◆ **WORK ORDER**
Below are some records. Reproduce them exactly from their first line through the line with "Arctic wilderness, tundra, minimalistic landscape Arctic", inclusive.

(Stored entries)
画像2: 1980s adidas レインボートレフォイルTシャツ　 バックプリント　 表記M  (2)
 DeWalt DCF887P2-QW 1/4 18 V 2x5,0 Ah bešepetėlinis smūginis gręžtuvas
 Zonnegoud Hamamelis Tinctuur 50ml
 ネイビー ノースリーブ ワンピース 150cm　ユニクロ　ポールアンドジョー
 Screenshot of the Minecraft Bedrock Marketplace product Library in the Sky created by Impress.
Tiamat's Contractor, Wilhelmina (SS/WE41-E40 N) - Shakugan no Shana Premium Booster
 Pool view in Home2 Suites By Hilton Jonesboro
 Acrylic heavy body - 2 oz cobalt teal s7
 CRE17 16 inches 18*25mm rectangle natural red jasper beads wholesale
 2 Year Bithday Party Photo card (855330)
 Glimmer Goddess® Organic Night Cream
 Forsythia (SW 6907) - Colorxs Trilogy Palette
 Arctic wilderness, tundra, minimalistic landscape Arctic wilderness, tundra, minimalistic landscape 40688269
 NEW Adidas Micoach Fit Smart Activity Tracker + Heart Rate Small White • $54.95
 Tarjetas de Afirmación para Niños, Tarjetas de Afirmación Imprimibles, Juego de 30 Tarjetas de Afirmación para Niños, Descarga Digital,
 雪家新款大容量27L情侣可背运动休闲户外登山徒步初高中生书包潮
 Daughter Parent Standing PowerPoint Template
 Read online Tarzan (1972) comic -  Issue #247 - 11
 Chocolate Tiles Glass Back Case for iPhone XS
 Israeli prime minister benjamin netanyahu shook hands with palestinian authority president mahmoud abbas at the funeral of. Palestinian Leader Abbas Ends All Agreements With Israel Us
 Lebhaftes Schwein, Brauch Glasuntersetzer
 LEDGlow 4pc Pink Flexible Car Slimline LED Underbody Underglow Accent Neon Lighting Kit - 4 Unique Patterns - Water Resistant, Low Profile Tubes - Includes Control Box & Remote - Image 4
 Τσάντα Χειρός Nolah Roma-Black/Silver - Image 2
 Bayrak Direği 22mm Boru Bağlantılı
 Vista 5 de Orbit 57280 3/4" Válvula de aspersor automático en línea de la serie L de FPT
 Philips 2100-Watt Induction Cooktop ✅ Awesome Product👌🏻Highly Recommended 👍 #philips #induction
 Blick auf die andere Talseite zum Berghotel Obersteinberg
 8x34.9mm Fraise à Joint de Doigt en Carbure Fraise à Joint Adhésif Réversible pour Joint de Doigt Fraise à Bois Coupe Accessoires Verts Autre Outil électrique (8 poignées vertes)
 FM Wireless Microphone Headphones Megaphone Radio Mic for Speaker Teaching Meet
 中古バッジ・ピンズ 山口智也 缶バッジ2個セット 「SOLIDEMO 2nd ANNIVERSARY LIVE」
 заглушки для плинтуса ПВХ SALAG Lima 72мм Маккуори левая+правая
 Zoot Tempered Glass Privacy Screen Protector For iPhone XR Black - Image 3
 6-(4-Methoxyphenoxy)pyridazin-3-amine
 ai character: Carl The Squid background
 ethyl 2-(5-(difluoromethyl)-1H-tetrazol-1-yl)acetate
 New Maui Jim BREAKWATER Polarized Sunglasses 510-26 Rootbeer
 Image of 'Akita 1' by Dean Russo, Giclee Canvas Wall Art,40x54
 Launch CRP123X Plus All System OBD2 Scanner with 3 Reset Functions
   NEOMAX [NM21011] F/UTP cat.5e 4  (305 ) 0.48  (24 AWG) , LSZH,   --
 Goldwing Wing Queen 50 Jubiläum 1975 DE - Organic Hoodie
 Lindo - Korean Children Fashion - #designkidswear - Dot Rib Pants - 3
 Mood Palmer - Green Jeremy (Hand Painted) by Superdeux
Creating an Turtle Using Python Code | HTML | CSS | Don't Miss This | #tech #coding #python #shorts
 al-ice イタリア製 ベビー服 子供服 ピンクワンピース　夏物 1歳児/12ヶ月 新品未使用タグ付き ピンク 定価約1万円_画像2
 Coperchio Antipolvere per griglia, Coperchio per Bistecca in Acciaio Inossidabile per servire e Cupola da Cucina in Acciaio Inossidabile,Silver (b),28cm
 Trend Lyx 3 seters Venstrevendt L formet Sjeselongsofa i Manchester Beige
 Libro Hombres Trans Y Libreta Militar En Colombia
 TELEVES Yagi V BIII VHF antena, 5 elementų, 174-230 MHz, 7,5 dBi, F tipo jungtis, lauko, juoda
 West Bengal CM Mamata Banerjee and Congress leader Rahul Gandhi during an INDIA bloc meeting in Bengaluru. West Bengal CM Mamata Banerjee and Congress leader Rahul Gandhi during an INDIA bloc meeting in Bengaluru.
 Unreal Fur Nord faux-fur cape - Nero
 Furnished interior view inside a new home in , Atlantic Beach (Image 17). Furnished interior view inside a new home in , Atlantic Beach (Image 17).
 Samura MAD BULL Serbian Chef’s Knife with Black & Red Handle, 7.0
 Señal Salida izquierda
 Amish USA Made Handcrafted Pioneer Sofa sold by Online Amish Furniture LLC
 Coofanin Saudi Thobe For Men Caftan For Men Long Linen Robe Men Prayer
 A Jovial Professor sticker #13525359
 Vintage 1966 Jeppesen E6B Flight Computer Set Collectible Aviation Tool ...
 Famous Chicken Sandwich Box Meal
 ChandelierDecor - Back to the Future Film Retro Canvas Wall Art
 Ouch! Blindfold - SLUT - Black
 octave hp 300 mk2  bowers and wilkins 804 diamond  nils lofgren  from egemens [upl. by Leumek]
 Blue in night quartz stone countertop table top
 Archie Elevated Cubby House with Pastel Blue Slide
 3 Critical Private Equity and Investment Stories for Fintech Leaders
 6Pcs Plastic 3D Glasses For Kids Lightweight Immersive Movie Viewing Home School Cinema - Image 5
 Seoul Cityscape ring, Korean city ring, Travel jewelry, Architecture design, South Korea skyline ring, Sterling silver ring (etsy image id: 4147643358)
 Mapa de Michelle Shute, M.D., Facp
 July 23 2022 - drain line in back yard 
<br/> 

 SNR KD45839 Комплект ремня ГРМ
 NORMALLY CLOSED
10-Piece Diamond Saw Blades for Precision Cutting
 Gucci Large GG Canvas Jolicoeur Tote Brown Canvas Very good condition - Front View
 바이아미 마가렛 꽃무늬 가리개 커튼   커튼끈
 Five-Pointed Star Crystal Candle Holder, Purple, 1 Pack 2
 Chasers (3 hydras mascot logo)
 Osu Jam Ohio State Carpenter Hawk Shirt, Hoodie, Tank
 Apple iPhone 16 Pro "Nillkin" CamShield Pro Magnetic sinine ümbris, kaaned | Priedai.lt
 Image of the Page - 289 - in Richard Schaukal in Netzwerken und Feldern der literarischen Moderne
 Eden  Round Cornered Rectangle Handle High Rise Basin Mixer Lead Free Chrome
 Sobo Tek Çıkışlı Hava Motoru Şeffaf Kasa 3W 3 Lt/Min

◆ **OUTPUT BELOW**
画像2: 1980s adidas レインボートレフォイルTシャツ　 バックプリント　 表記M  (2)
 DeWalt DCF887P2-QW 1/4 18 V 2x5,0 Ah bešepetėlinis smūginis gręžtuvas
 Zonnegoud Hamamelis Tinctuur 50ml
 ネイビー ノースリーブ ワンピース 150cm　ユニクロ　ポールアンドジョー
 Screenshot of the Minecraft Bedrock Marketplace product Library in the Sky created by Impress.
Tiamat's Contractor, Wilhelmina (SS/WE41-E40 N) - Shakugan no Shana Premium Booster
 Pool view in Home2 Suites By Hilton Jonesboro
 Acrylic heavy body - 2 oz cobalt teal s7
 CRE17 16 inches 18*25mm rectangle natural red jasper beads wholesale
 2 Year Bithday Party Photo card (855330)
 Glimmer Goddess® Organic Night Cream
 Forsythia (SW 6907) - Colorxs Trilogy Palette
 Arctic wilderness, tundra, minimalistic landscape Arctic wilderness, tundra, minimalistic landscape 40688269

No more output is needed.